[ACTIVITY]
Print the listing below from its opening line through the line holding "Укороченная футболка", both ends included.

[SUPPLIED MATERIAL]

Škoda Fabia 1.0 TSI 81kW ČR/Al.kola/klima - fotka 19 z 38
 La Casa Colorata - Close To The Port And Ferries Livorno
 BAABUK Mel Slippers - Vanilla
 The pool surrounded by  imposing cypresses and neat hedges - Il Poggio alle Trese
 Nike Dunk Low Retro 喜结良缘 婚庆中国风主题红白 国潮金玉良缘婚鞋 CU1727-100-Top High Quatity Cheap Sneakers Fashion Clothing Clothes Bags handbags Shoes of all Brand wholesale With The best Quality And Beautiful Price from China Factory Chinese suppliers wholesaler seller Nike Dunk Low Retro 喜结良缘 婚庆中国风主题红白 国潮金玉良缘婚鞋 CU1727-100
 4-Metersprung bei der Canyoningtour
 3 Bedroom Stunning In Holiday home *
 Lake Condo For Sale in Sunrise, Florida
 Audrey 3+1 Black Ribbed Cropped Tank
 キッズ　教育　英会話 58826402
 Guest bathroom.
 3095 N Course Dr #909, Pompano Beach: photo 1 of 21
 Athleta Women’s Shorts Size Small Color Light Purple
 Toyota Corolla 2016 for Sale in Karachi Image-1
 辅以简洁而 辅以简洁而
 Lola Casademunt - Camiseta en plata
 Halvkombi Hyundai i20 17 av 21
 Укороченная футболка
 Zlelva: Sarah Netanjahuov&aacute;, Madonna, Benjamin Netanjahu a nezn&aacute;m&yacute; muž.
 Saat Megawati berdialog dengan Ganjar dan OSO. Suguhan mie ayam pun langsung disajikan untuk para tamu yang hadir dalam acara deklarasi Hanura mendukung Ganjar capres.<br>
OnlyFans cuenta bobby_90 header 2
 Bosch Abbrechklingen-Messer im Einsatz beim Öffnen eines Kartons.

[YOUR RESPONSE]
Škoda Fabia 1.0 TSI 81kW ČR/Al.kola/klima - fotka 19 z 38
 La Casa Colorata - Close To The Port And Ferries Livorno
 BAABUK Mel Slippers - Vanilla
 The pool surrounded by  imposing cypresses and neat hedges - Il Poggio alle Trese
 Nike Dunk Low Retro 喜结良缘 婚庆中国风主题红白 国潮金玉良缘婚鞋 CU1727-100-Top High Quatity Cheap Sneakers Fashion Clothing Clothes Bags handbags Shoes of all Brand wholesale With The best Quality And Beautiful Price from China Factory Chinese suppliers wholesaler seller Nike Dunk Low Retro 喜结良缘 婚庆中国风主题红白 国潮金玉良缘婚鞋 CU1727-100
 4-Metersprung bei der Canyoningtour
 3 Bedroom Stunning In Holiday home *
 Lake Condo For Sale in Sunrise, Florida
 Audrey 3+1 Black Ribbed Cropped Tank
 キッズ　教育　英会話 58826402
 Guest bathroom.
 3095 N Course Dr #909, Pompano Beach: photo 1 of 21
 Athleta Women’s Shorts Size Small Color Light Purple
 Toyota Corolla 2016 for Sale in Karachi Image-1
 辅以简洁而 辅以简洁而
 Lola Casademunt - Camiseta en plata
 Halvkombi Hyundai i20 17 av 21
 Укороченная футболка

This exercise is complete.